[Start of Attachment]
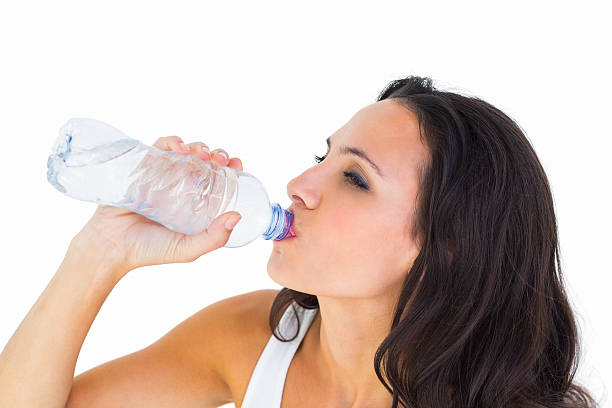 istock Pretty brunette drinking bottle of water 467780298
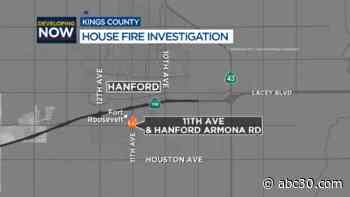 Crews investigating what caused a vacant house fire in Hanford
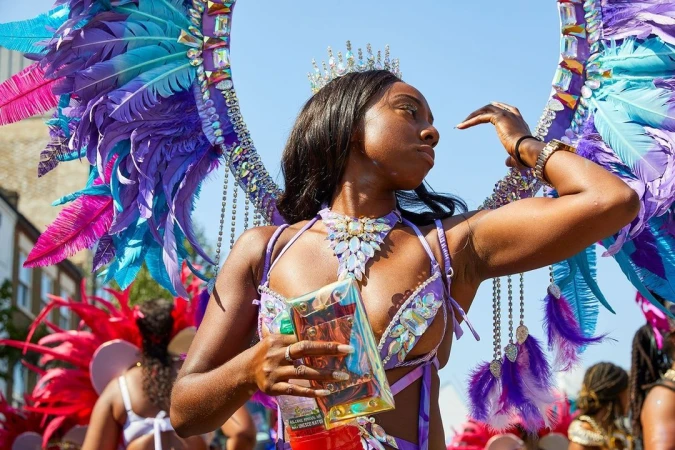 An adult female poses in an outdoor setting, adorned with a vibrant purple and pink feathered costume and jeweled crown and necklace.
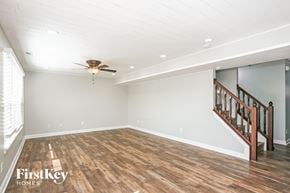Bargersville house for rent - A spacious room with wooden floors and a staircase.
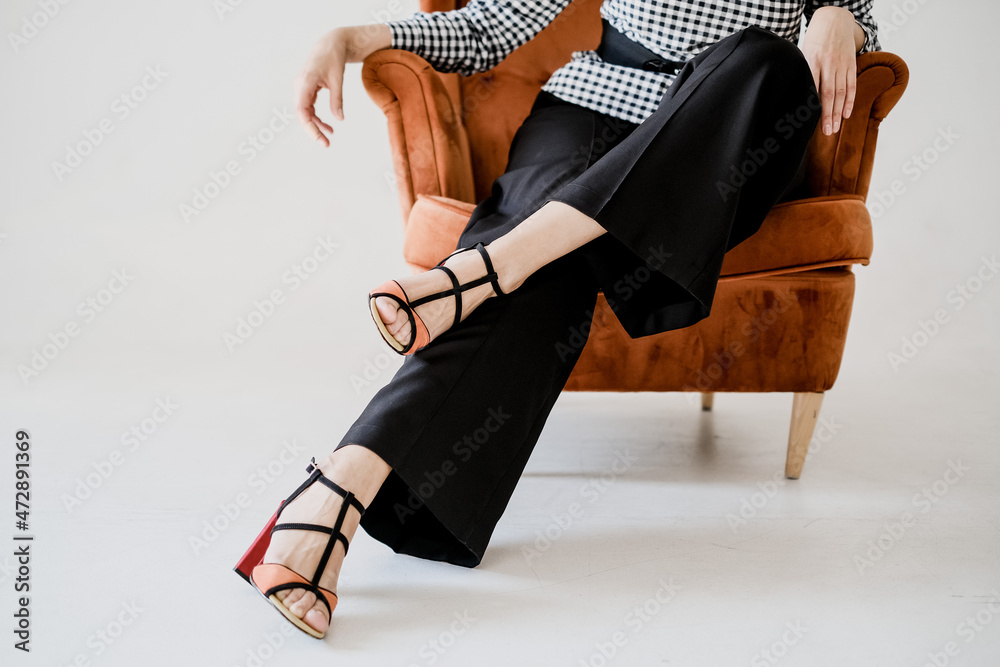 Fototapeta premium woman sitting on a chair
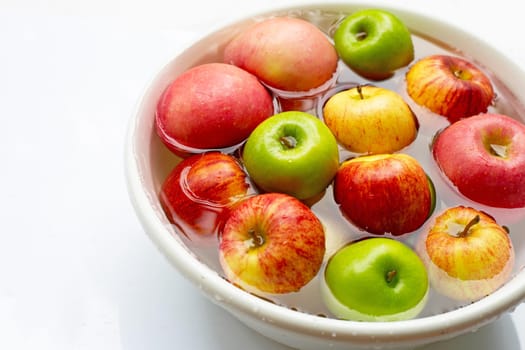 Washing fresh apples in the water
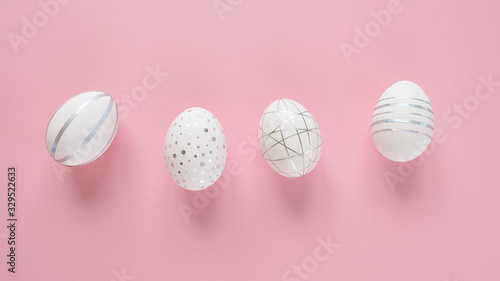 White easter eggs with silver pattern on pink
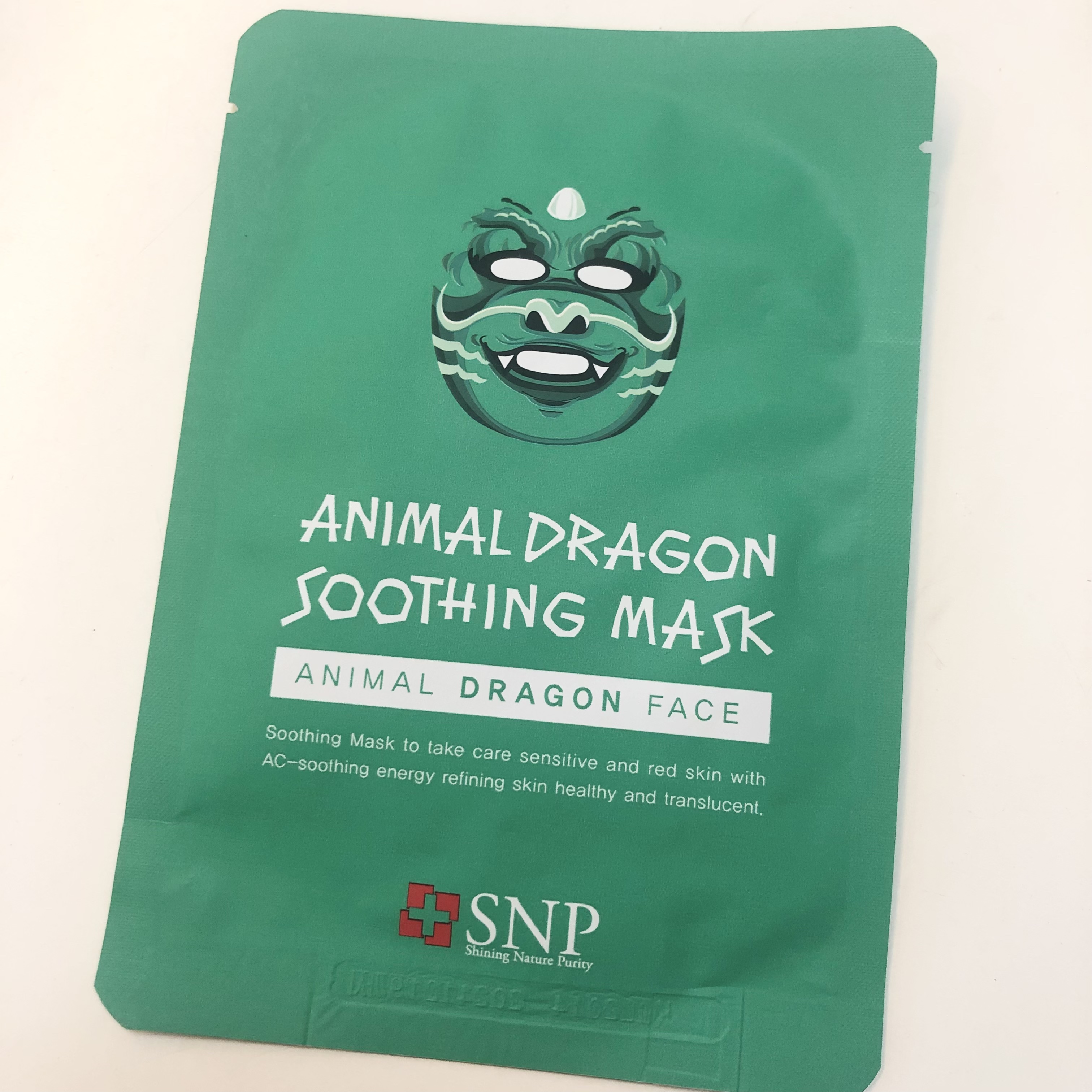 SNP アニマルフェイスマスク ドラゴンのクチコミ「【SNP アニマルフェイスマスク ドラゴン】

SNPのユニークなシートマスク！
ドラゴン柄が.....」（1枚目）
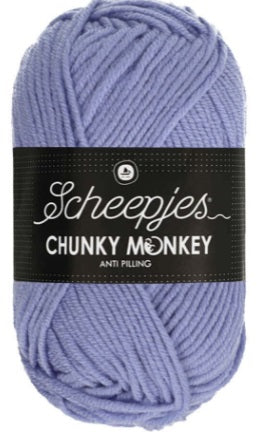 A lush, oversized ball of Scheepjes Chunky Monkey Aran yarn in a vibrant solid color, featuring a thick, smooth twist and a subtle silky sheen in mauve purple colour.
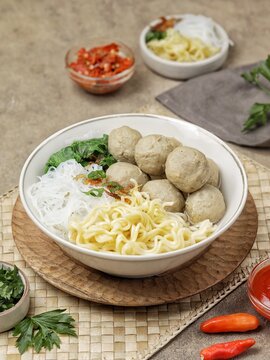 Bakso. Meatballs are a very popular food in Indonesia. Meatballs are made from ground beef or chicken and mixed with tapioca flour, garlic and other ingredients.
[End of Attachment]
[Start of Attachment]
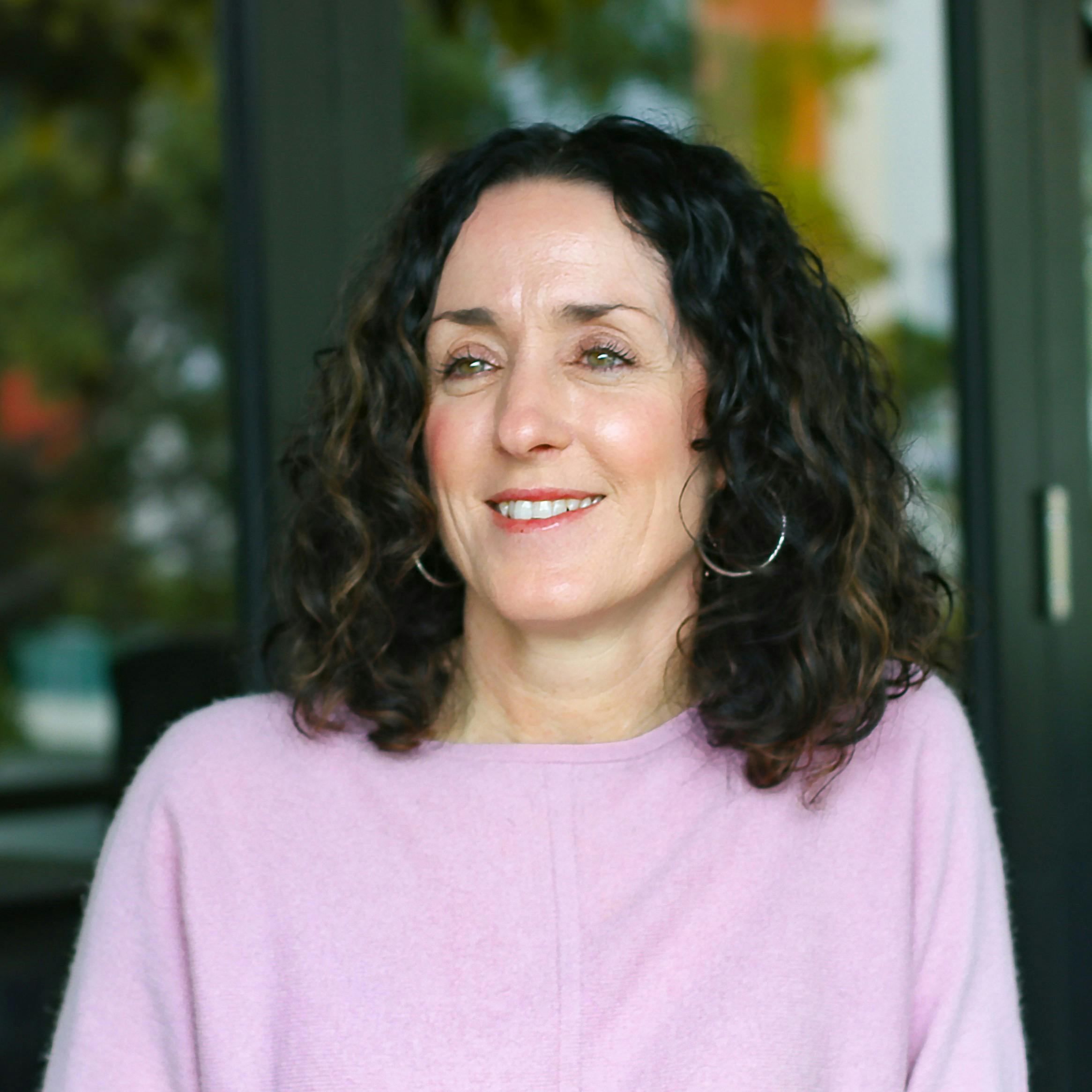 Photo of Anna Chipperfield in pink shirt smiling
[End of Attachment]
[Start of Attachment]
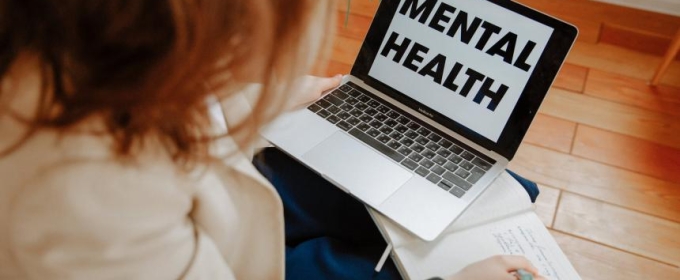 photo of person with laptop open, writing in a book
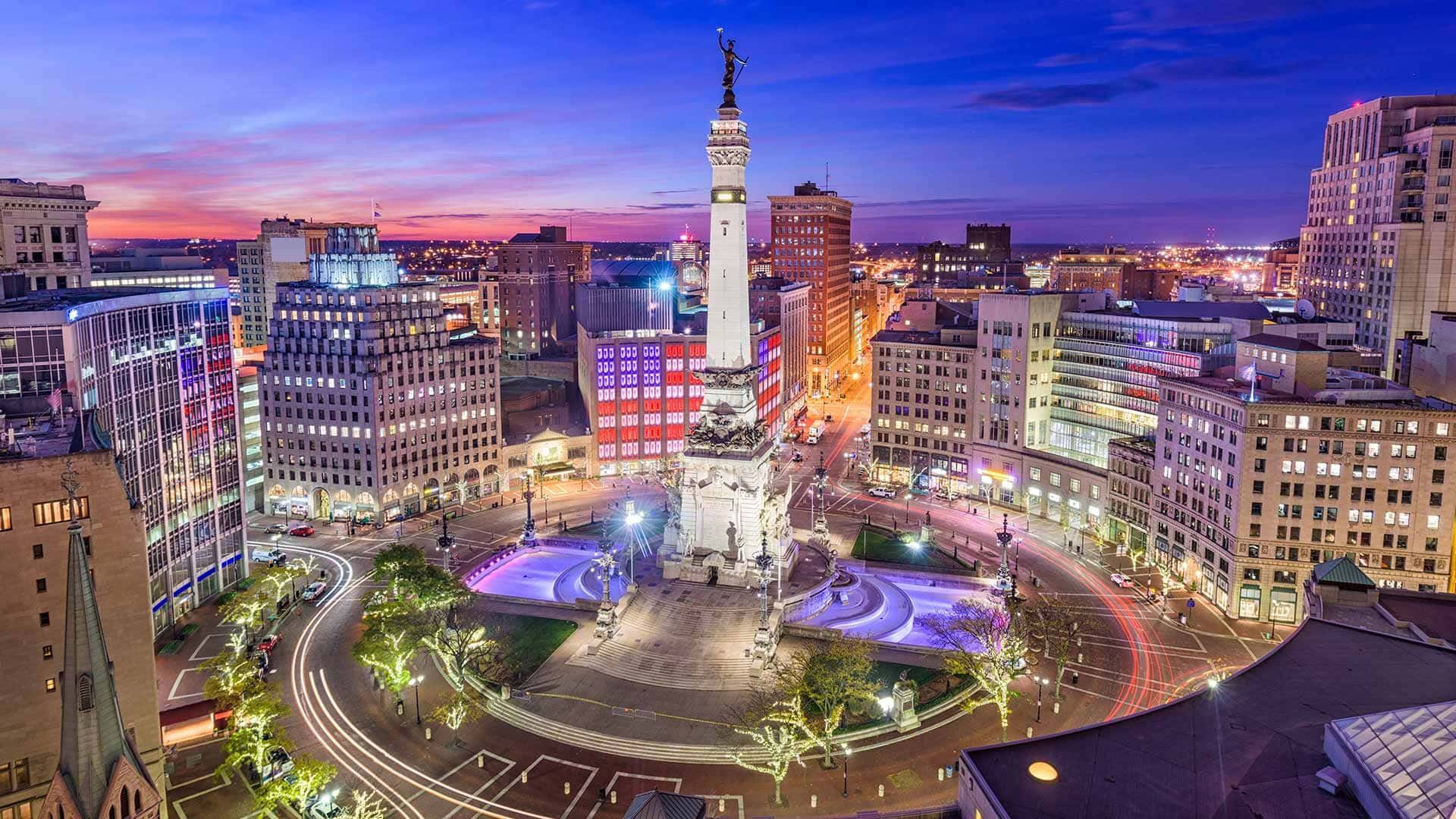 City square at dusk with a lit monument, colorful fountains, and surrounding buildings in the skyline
[End of Attachment]
**WORK ITEM:**
Using the entries above, extract exactly the lines from the one that contains "istock Pretty brunette" through the one that contains "Bakso. Meatballs are". Do not carry over any pictures.

**RESPONSE TO THIS EXERCISE:**
 istock Pretty brunette drinking bottle of water 467780298
 Crews investigating what caused a vacant house fire in Hanford
 An adult female poses in an outdoor setting, adorned with a vibrant purple and pink feathered costume and jeweled crown and necklace.
Bargersville house for rent - A spacious room with wooden floors and a staircase.
 Fototapeta premium woman sitting on a chair
 Washing fresh apples in the water
 White easter eggs with silver pattern on pink
 SNP アニマルフェイスマスク ドラゴンのクチコミ「【SNP アニマルフェイスマスク ドラゴン】

SNPのユニークなシートマスク！
ドラゴン柄が.....」（1枚目）
 A lush, oversized ball of Scheepjes Chunky Monkey Aran yarn in a vibrant solid color, featuring a thick, smooth twist and a subtle silky sheen in mauve purple colour.
 Bakso. Meatballs are a very popular food in Indonesia. Meatballs are made from ground beef or chicken and mixed with tapioca flour, garlic and other ingredients.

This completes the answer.